De ses plus jeunes années jusqu’à sa mort précoce, Simone Weil (1909-1943) n’aura eu de cesse d’étonner, d’impressionner, parfois d’agacer. Avec des dizaines d’années d’avance sur son époque, elle dénonce le totalitarisme soviétique, la dictature de la bureaucratie, l’impossible rêve de la technique et l’incohérence d’un développement illimité dans un monde aux ressources limitées. Une telle clairvoyance ne souffre pas comparaison.

Son souci des pauvres relève quasiment de l’obsession

Simone Weil ne variera jamais : c’est le sort des plus démunis qui l’intéresse au premier chef. En pratique, son souci des pauvres relève quasiment de l’obsession. Enfant, elle réserve chocolat, sucre et argent de poche à un soldat dans les tranchées. Professeure, elle distribue son traitement à qui veut : caisses de chômage, presse syndicale, pauvres en tout genre. Elle distribue des livres à qui veut. Plus tard, ce sont ses tickets de rationnement qu’elle partage avec les réfugiés des camps voisins. Son existence entière, tout son temps, sont mobilisés. Au Puy-en-Velay Puy-en-Velay où elle est nommée en 1931, elle prend fait et cause pour les chômeurs, porte leurs revendications, s’affiche avec eux au bistrot et dans les manifestations. Quelques années après, elle décide d’entrer à l’usine pour sentir dans son cœur et dans sa chair l’oppression vécue par les travailleurs ; de ces neuf mois de travail à la chaîne, entrecoupés de périodes de chômage et d’arrêts pour maladie, elle ressort brisée, l’âme en morceaux.
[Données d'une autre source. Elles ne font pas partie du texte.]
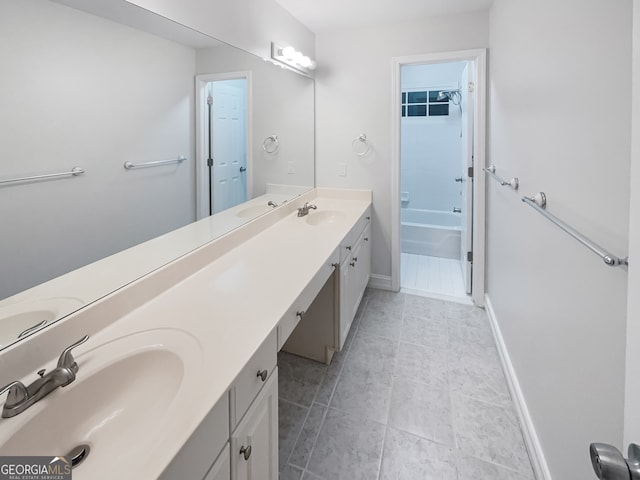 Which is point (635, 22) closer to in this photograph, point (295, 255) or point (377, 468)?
point (295, 255)

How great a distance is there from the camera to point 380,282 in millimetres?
3191

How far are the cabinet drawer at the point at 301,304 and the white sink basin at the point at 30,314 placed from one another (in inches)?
23.9

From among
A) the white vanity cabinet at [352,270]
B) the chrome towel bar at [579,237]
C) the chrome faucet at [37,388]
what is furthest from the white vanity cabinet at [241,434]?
the white vanity cabinet at [352,270]

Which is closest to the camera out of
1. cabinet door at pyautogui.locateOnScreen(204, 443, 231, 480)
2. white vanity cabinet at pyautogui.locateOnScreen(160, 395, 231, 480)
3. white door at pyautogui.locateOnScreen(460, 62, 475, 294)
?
white vanity cabinet at pyautogui.locateOnScreen(160, 395, 231, 480)

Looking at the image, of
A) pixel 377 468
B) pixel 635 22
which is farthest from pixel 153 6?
pixel 377 468

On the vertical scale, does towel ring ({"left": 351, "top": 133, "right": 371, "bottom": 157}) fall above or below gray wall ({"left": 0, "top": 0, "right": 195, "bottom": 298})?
above

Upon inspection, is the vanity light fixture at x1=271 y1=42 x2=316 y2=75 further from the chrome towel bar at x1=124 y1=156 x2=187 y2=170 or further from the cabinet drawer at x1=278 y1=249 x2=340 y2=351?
the cabinet drawer at x1=278 y1=249 x2=340 y2=351

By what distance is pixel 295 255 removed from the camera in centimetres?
171

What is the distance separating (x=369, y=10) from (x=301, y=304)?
2262 millimetres

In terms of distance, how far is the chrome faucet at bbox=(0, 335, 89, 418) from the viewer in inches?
28.3

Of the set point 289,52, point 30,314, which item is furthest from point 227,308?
point 289,52

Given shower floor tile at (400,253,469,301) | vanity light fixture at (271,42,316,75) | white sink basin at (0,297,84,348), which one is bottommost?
shower floor tile at (400,253,469,301)

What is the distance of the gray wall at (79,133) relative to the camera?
882 millimetres

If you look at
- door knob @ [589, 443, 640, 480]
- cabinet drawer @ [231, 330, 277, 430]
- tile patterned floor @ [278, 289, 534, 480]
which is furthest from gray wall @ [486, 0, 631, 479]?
cabinet drawer @ [231, 330, 277, 430] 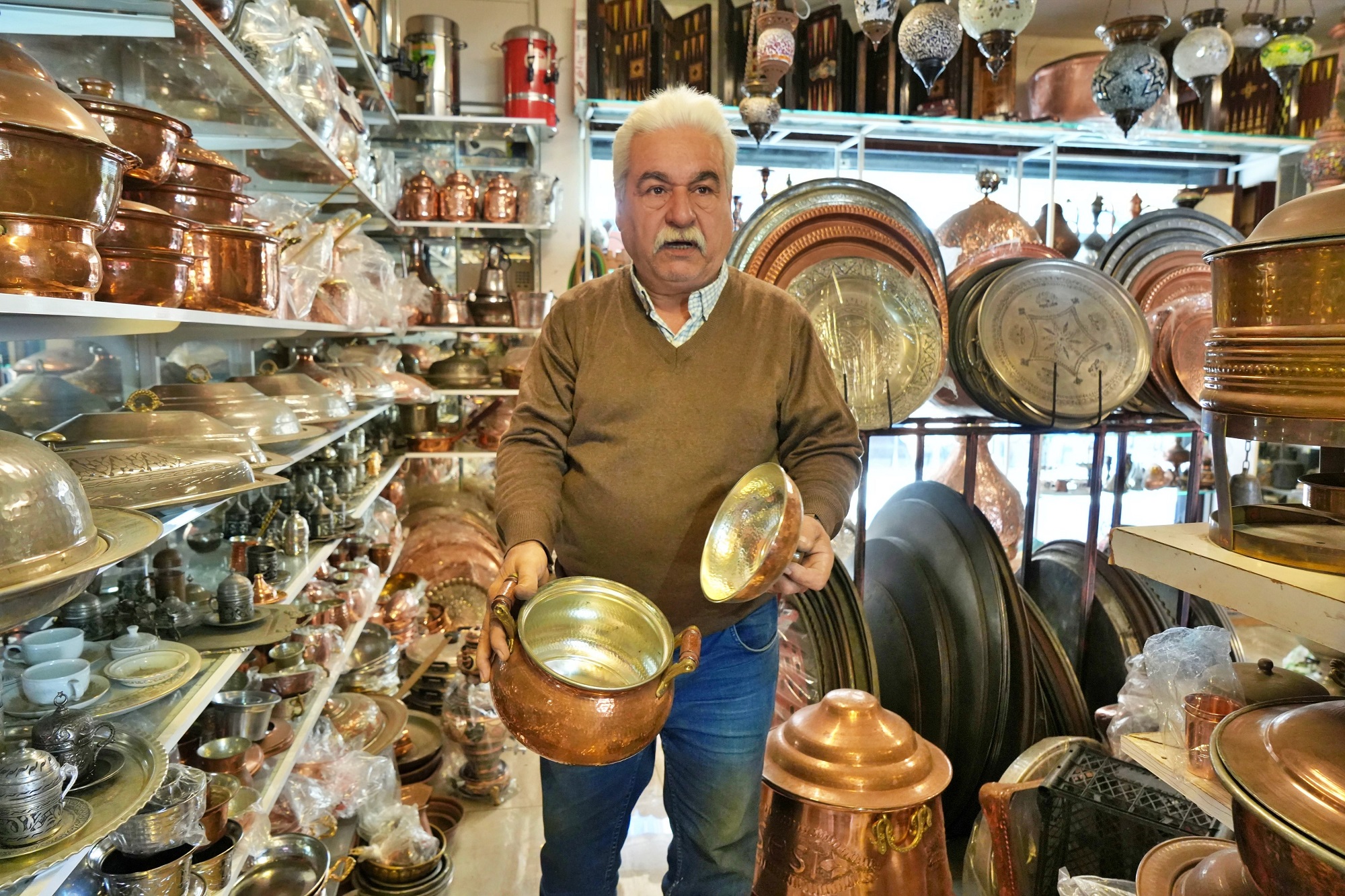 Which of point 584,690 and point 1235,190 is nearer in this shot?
point 584,690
En 1936, la voici en Espagne pour combattre dans le camp républicain. Enfin, à l’aube de sa mort, c’est au sein de la Résistance qu’on la retrouve, d’abord dans les réseaux marseillais où elle distribue les Cahiers du Témoignage Chrétien, puis à Londres, dans les bureaux de la France libre où elle ne trouvera jamais sa place.

Simone Weil se rapproche du Christianisme

Pour elle, la pensée doit être libérée de toute emprise, seul est libre l’homme capable de penser par lui-même, d’exercer toute son attention, c’est à-dire de laisser son esprit disponible pour recevoir la vérité, qu’il ait ou non fait de longues études. Une exception, les conditions de travail peuvent être abrutissantes et tuer toute attention, toute pensée, comme elle l’a elle-même éprouvé. Simone Weil s’est longtemps décrite comme une
juive agnostique. Ce n’est qu’après son séjour à l’usine qu’elle se rapproche du christianisme, à la suite de plusieurs expériences mystiques. Après sa première rencontre avec le Christ, au Portugal, en 1935, en écoutant les chants des femmes de pêcheurs en procession, « chants d’une tristesse infinie », elle écrit : « Là j’ai eu soudain la certitude que le christianisme est par excellence la religion des esclaves, que des esclaves ne peuvent pas ne pas y adhérer, et moi parmi les autres. » Puis ce fut Assise, puis l’abbaye de Solesmes.
Elle ne se convertira pas au catholicisme, elle se refuse à tout dogme ; en revanche elle s’est convertie à l’amour du Christ, c’est-à-dire à la figure d’un Dieu fait homme, faible, dont la vie entre pauvreté et charité se termine tragiquement sur la croix. Là Dieu apprend à l’homme que la véritable force n’est pas celle des tyrans.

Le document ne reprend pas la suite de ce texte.